RECORDS SHOWN:
▬▬▬▬▬▬

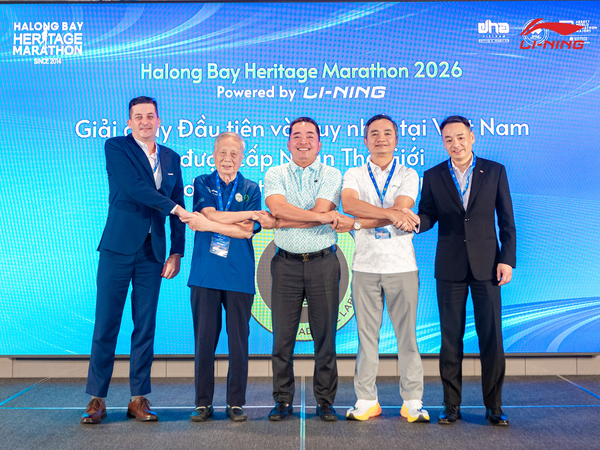 Li-Ning cùng đại diện Thành phố và Ban tổ chức chụp ảnh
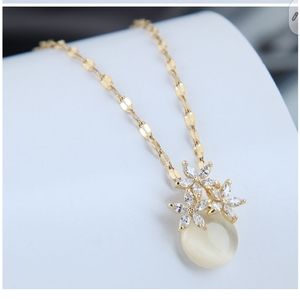 Exquisite fashion sweet chain flower zircon simple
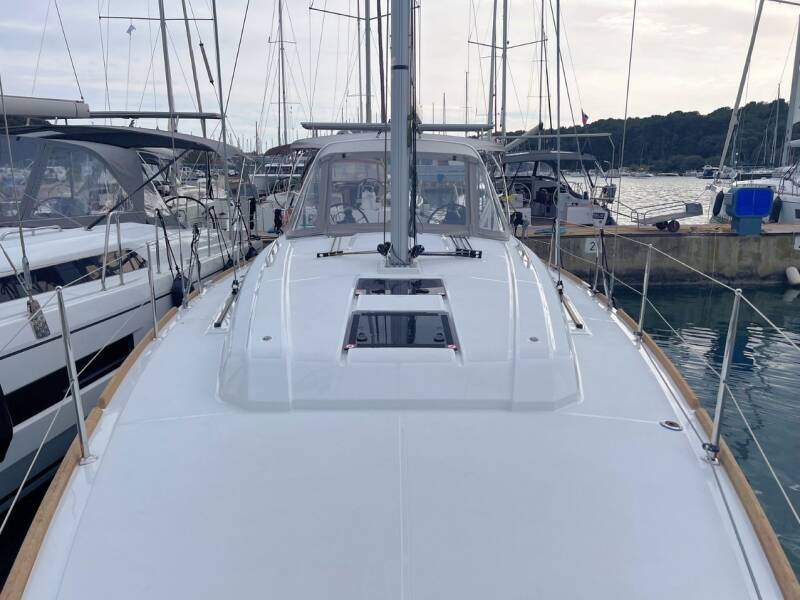 Oceanis 38.1  | Jana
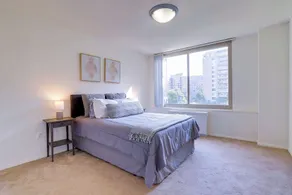 Prime Location! Spacious & Comfy - Image 4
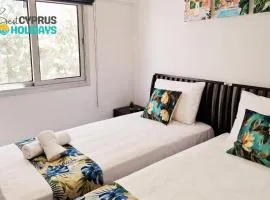 Parrots Paradise 100m From Finikoudes Beachfront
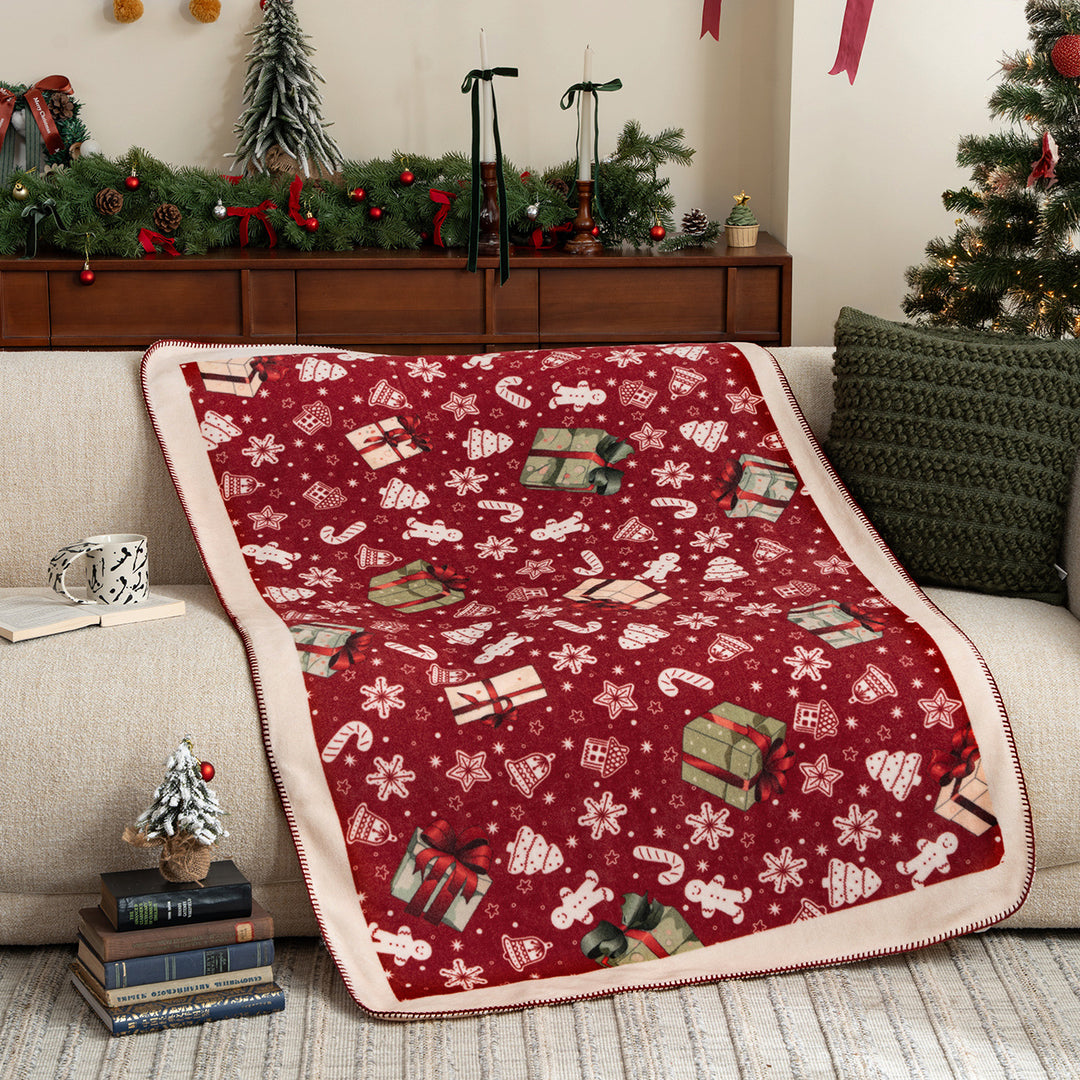 Weiche Weihnachts-Fleecedecke mit Geschenk- und Lebkuchenmotiv Karnz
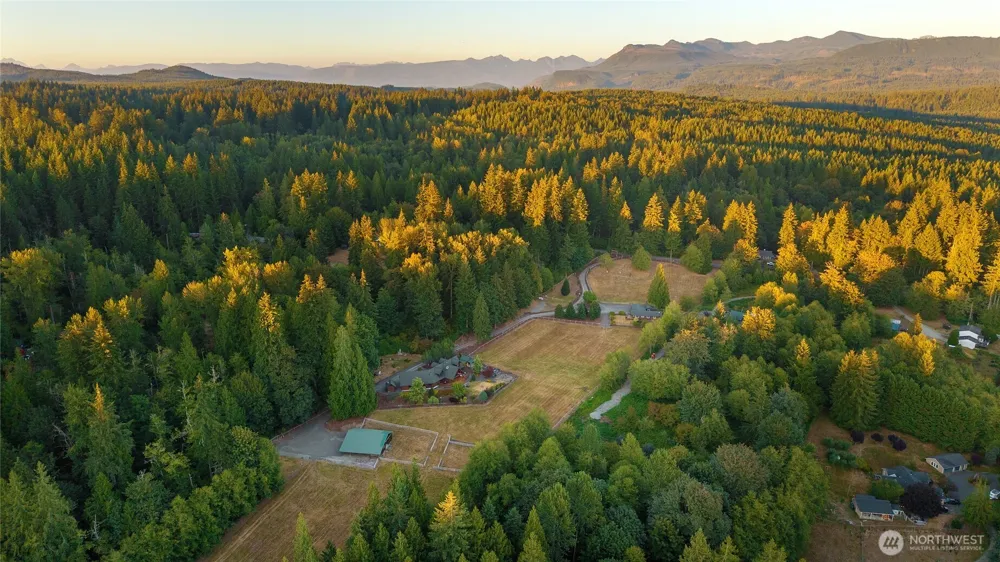 18617 320th Avenue NE Duvall, WA 98019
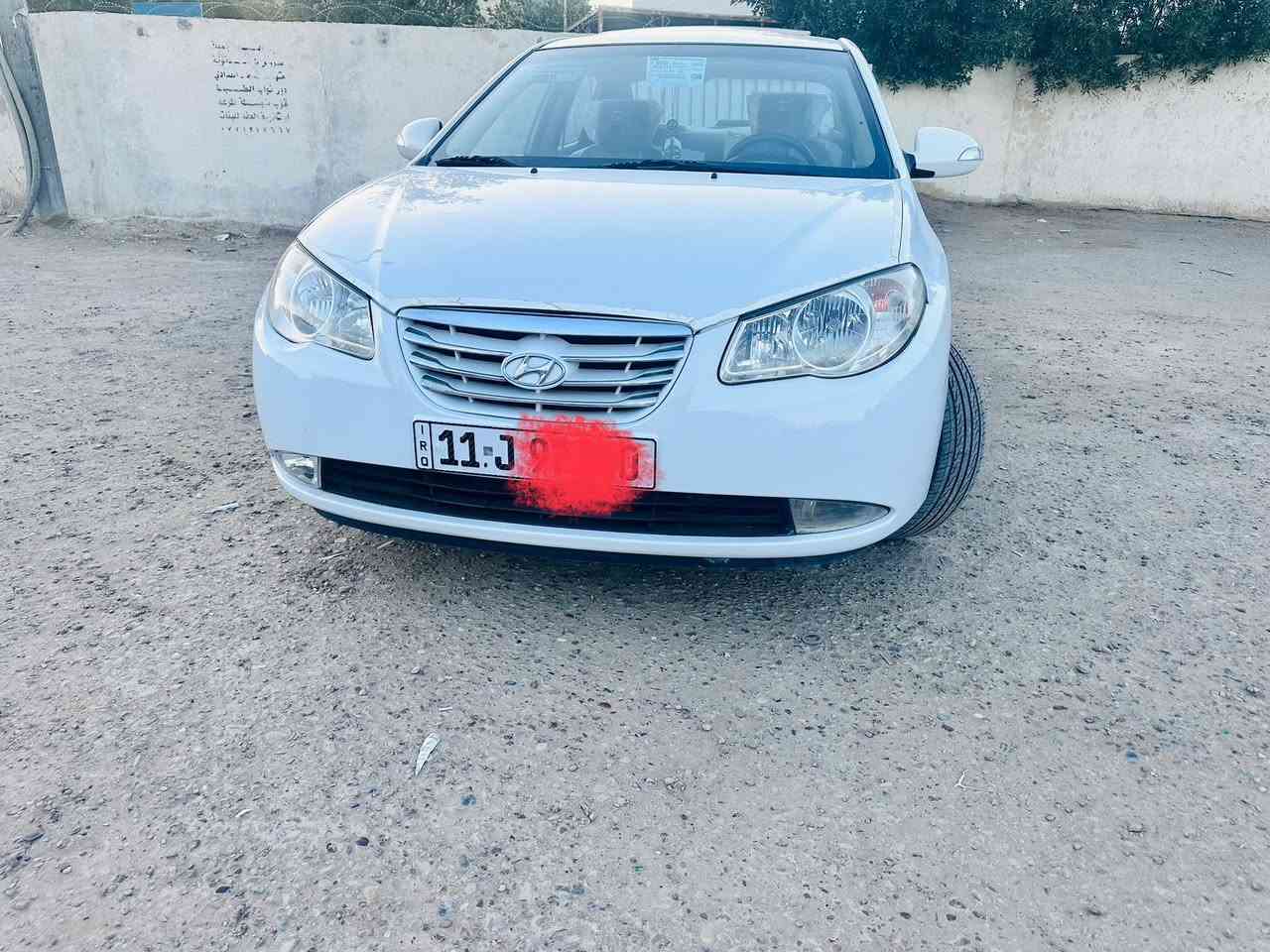 سلام عليكم 
النترا 2011 فول مواصفات  ١ / ١  الشركة العامه خليجي مكفوله من صبغ وضربه وتبديل 
محرك كير ع وضع الشركة مكفولات من كلشي  
غير مفتوحات حداديه جديده تبريد ثلج 
 مواصفاتها
 محرك 2000 دوش  
فتحه بالقماره سلايت
حدادية جديدة
تخم تاير 
باسمي رقم دولي جديد وهزه جديده 
مكان السياره بغداد
سعر السيارة 132
 للتواصل ***********
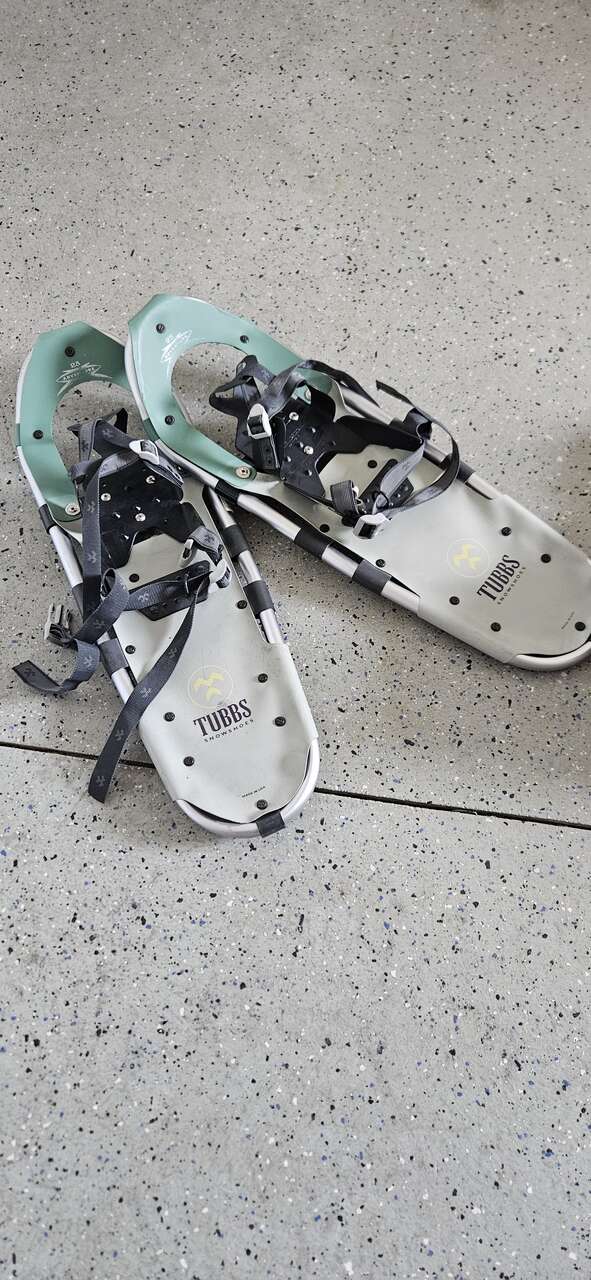TUBBS SNOWSHOES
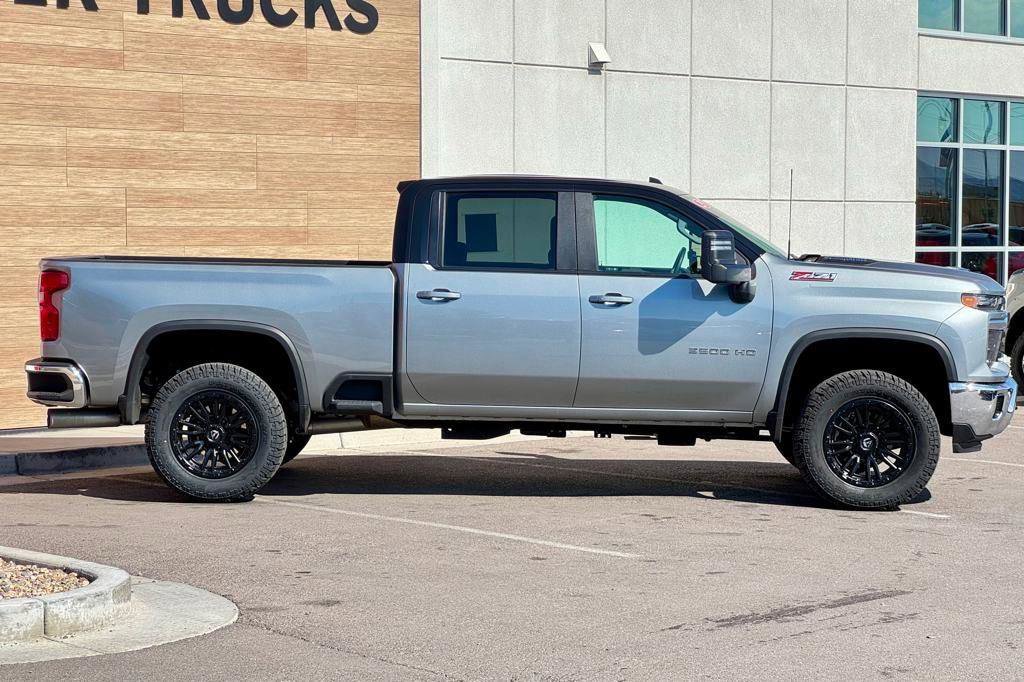 Used 2025 Chevrolet Silverado 3500 LT w/ All Star Edition image 14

▬▬▬▬▬▬

WHAT THIS TASK INVOLVES: Leave the pictures out and reproduce exactly the lines from the line with "النترا 2011 فول" to the end of the material above.

TASK RESPONSE:
النترا 2011 فول مواصفات  ١ / ١  الشركة العامه خليجي مكفوله من صبغ وضربه وتبديل 
محرك كير ع وضع الشركة مكفولات من كلشي  
غير مفتوحات حداديه جديده تبريد ثلج 
 مواصفاتها
 محرك 2000 دوش  
فتحه بالقماره سلايت
حدادية جديدة
تخم تاير 
باسمي رقم دولي جديد وهزه جديده 
مكان السياره بغداد
سعر السيارة 132
 للتواصل ***********
TUBBS SNOWSHOES
 Used 2025 Chevrolet Silverado 3500 LT w/ All Star Edition image 14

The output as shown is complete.